Some of the UK’s nations are now rallying to stop parking on the pavement. This’ll be welcome news to UK residents, as almost a third (32%) would support a ban.
But each country is at a different stage with their plans.
Scotland was the pioneer of launching a nationwide ban on pavement parking.
Once the details are ironed out, parking on any pavement in Scotland will be illegal.
Any motorists caught will receive a penalty charge notice (PCN).
The Scottish government announced the ban in 2019, but as it’s nationwide, it’s thought that it’ll take five years to implement.
From the middle of next year, local authorities in Wales will have the authority to crack down on pavement parkers.
The Welsh government says it doesn’t want to penalise people if they have no other choice but to park on the pavement.
By giving the responsibility to local councils, they can target hotspots and use their discretion to penalise pavement parking.
Currently in England it’s illegal to park on the pavement only in London.
This could change, though, as the Westminster government last year ran a consultation on ways to solve the pavement parking issue.
One option was to follow Wales’s lead and let local councils tackle pavement parking.
The government has also suggested improving the system that councils use to make parking restrictions, as it’s time-consuming and labour-intensive.
But no legislative proposals have been introduced as a result of the consultation.
There’s no blanket ban on parking in Northern Ireland.
Why can’t I always park on the pavement?
When you park on the pavement, you’re blocking part of the footway.
As a result, pedestrians may have no choice but to walk round your car via the road – putting themselves at risk.
More than seven in 10 (72%) people told us they’d had to do this due to pavement parkers.
More than two in five (44%) told us they felt in danger because of this.
The issue is particularly worrying for people who have a disability, are elderly or have young children.
Stephen Edwards, director of policy and communications at Living Streets, said:
“We’re regularly contacted by disabled and older people who feel trapped in their homes because there isn’t enough room on the pavement for wheelchairs or mobility scooters.
“This has impacted more people during the pandemic, with blocked pavements affecting everyone’s ability to physically distance.”
Pavements aren’t designed to be parked on, and over time the surface can become uneven or cracked, causing trip hazards.
What will happen if I’m caught parking on the pavement?
You’ll receive a PCN if you’re caught parking on a pavement where it’s not permitted.
You may receive a charge that you have to pay within 28 days, this is usually reduced if you pay within 14 days.
This will depend on your local council’s rules, though.
If you’re caught by the police, you’ll be charged with the “offence of obstruction” and be given a fixed penalty notice.
You could be charged up to £200 and get penalty points on your licence.
What can I do if someone parks on the pavement outside my house?
It depends on where in the UK it is, and what the local laws are.

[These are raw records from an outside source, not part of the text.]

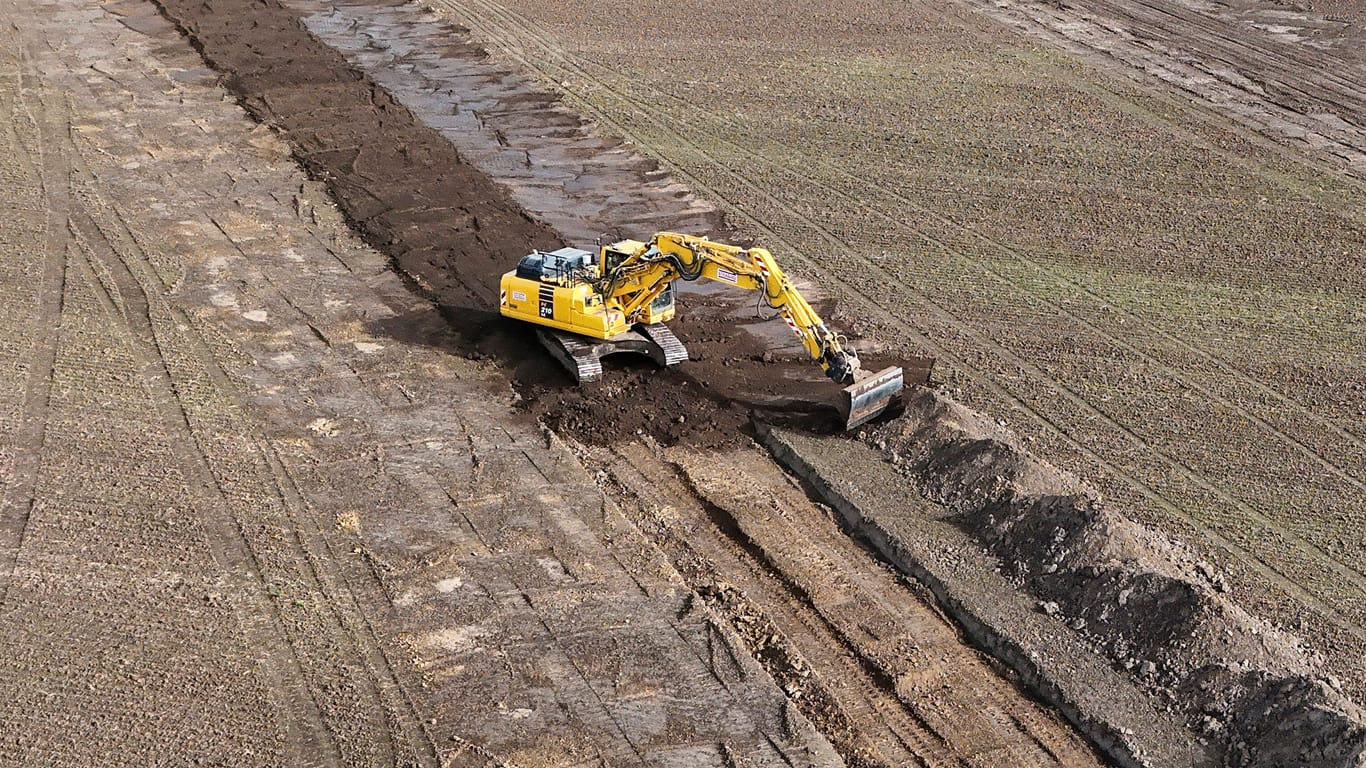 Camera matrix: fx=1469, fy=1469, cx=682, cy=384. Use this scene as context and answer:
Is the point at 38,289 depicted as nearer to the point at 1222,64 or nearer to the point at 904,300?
the point at 904,300

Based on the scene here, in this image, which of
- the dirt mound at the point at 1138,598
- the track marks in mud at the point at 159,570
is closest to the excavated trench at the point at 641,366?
the dirt mound at the point at 1138,598

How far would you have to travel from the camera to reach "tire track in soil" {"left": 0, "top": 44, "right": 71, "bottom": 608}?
1662 cm

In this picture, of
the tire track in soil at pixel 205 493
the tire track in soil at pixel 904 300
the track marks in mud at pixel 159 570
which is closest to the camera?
the track marks in mud at pixel 159 570

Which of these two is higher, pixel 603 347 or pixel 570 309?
pixel 570 309

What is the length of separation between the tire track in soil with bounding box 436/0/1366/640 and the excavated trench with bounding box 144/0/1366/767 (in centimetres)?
84

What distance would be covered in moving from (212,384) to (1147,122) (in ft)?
67.4

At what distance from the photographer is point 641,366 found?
68.7 ft

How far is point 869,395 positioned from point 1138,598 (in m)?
4.88

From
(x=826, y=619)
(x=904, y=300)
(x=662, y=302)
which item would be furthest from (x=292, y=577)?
(x=904, y=300)

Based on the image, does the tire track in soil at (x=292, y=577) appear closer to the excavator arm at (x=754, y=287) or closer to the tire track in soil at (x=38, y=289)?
the tire track in soil at (x=38, y=289)

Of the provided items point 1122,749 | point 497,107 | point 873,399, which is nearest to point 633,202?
point 497,107

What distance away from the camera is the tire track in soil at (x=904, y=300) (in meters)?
16.4

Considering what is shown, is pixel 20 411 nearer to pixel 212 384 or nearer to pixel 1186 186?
pixel 212 384

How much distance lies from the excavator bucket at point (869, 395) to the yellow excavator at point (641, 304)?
1 centimetres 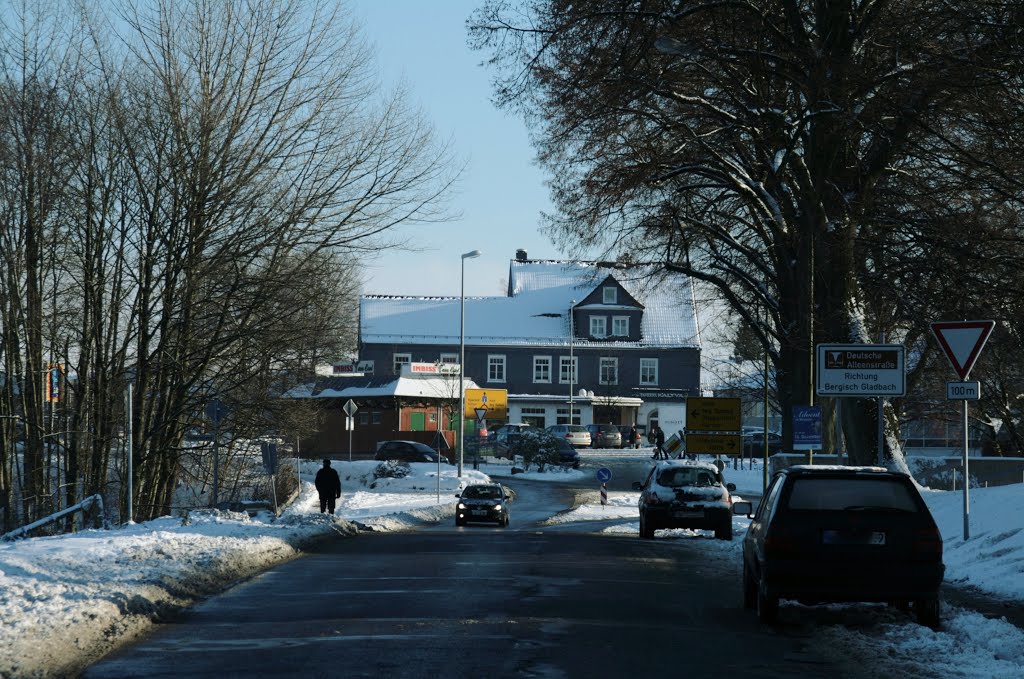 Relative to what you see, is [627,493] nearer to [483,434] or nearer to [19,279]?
[483,434]

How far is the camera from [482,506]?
116 ft

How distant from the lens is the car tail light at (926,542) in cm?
1150

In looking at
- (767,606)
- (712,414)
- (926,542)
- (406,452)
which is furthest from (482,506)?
(406,452)

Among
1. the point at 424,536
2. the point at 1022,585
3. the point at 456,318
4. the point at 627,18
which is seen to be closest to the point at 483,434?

If, for example, you’re in London, where it’s not allowed, you can call the local authority and ask if they can send a traffic warden to have a look.
But if you live elsewhere, unless or until there is a blanket ban on the practice, you might find there’s little you can do about it.
It could be worse, a motorist could park on your private driveway - a situation the police can do very little about.
*Figures taken from omnibus research carried out by OnePoll on behalf of Confused.com. This was a nationally-representative poll of 2,000 UK adults. The research was conducted between 11 November and 13 November 2020.